We did use rep-tec years ago but were dissapointed with the quality so moved to Fauna but we are looking for new livestock supplier since the customer service there is quite poor. Plus we only really sell the standard rep stock like corns, leos beardies and all can be bought a lot cheaper from local breeders or shows anyway. Its only the totrtoises and special offer animals that we tend to buy because they tend to have a reasonable price tag.

As for prices of dry goods. You will always get undercut because some people are making next to nothing on their products.
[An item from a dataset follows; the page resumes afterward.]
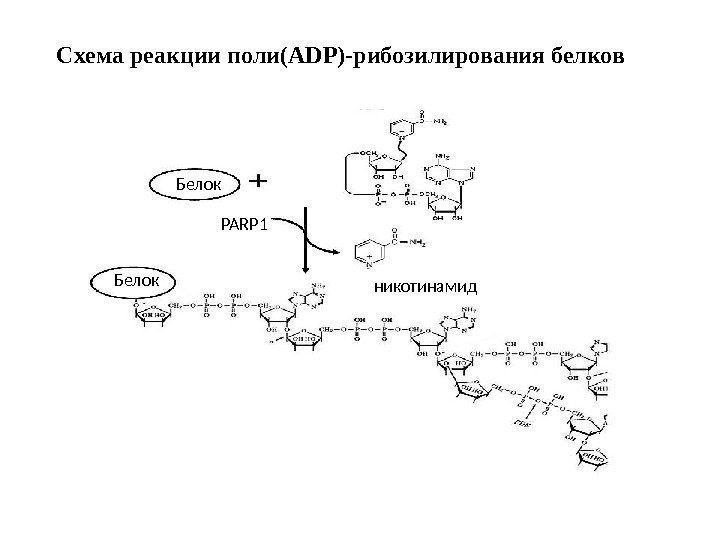 Схема реакции поли(АDP)-рибозилирования белков Белок PARP 1 никотинамид 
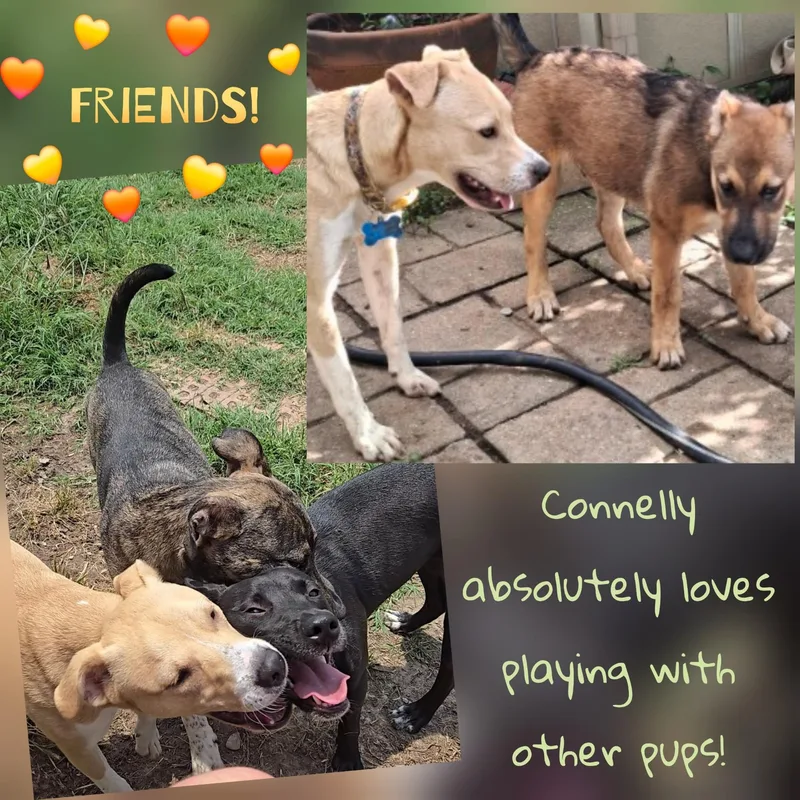 Connelly thumbnail 2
We sat down the other day with our hagen rep to see how they were selling them so cheap and he showed us exactly what the lowest trade price they can offer anyone is and it tuns out that they were only making about £10 on a big exo-terra viv, and some were even offering free shipping so they must have been making about £5 on an exo.

We spoke to peregrine at glee and there rep has been in since and they couldnt match the prices we were already paying for stuff so we didnt bother opening an account with them.


----------



## exoticsandtropics (Mar 11, 2007)

from personal views

fauna import good quality - generally wild caught imprted stuff cheap prices usually

Reptiles plus VERY CHEAP - very good quality and lists are quite good* personal fav* and they are a shop so you can collect and view in store

Rep tech- short list but very well cared for animals but not the cheapest

Euro rep seem good but not delt with

STRICTLY REPTILES can't say a good word about them i've received items that were delivered by their own vans and items were dead when arrived and things have been send out nearly dead and would never use again. very poor would not recommend sorry

zoo logic list is amazing - very rare stuff, very good prices on most items and good delivery costs and VERY good support from staff thanks tim!!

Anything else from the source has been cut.